Fournir des informations équivalentes pour du contenu inaccessible, est un moyen primordial pour les créateurs de rendre leurs documents accessibles aux personnes ayant un handicap. Pour remplir la même fonction que le contenu, un équivalent peut en être une description (i.e. description visuelle ou orale du contenu).

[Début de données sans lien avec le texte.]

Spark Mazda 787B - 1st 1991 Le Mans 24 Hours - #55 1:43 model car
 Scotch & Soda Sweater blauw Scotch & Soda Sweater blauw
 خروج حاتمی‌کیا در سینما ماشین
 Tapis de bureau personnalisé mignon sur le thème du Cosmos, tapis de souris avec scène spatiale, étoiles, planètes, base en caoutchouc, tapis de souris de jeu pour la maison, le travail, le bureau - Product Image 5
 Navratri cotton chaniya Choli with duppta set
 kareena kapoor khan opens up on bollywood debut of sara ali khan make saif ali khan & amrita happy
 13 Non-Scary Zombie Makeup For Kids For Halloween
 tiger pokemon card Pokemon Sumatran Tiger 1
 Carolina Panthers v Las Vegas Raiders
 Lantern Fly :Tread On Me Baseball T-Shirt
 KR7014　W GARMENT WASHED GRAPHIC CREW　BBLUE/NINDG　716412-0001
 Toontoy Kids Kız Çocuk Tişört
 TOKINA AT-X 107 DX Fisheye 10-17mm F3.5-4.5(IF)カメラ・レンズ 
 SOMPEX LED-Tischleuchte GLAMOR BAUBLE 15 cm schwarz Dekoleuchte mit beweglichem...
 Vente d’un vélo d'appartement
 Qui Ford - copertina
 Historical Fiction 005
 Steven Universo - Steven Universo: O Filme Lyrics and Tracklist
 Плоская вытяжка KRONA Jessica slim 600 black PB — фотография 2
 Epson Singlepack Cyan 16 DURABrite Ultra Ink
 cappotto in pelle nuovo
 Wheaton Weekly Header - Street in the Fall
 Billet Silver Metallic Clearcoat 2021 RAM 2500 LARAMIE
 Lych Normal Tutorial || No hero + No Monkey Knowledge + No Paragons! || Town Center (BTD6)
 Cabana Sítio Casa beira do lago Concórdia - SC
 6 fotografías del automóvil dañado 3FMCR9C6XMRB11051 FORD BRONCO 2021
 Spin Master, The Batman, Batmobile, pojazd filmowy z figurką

Par exemple, pour que les utilisateurs comprennent l'information fournie par un tableau complexe, les créateurs devraient décrire l'information visuelle contenue dans ce tableau. Comme le contenu texte peut être présenté à l'utilisateur sous forme de synthèse vocale, de braille, ou de texte affiché visuellement, ces directives nécessitent des équivalents texte pour les informations graphiques et audio. Les équivalents textes doivent être écrits de façon à communiquer tout le contenu essentiel. Les équivalents non-textuels (par exemple une description orale d'une présentation visuelle, une vidéo d'une personne racontant une histoire en utilisant le langage des signes comme équivalent de l'histoire écrite, etc.) améliorent aussi l'accessibilité pour une personne qui ne peut accéder aux informations visuelles ou aux textes écrits. Cela inclut plusieurs personnes atteints de cécité, handicaps intellectuels, handicaps d'apprentissage, et surdité.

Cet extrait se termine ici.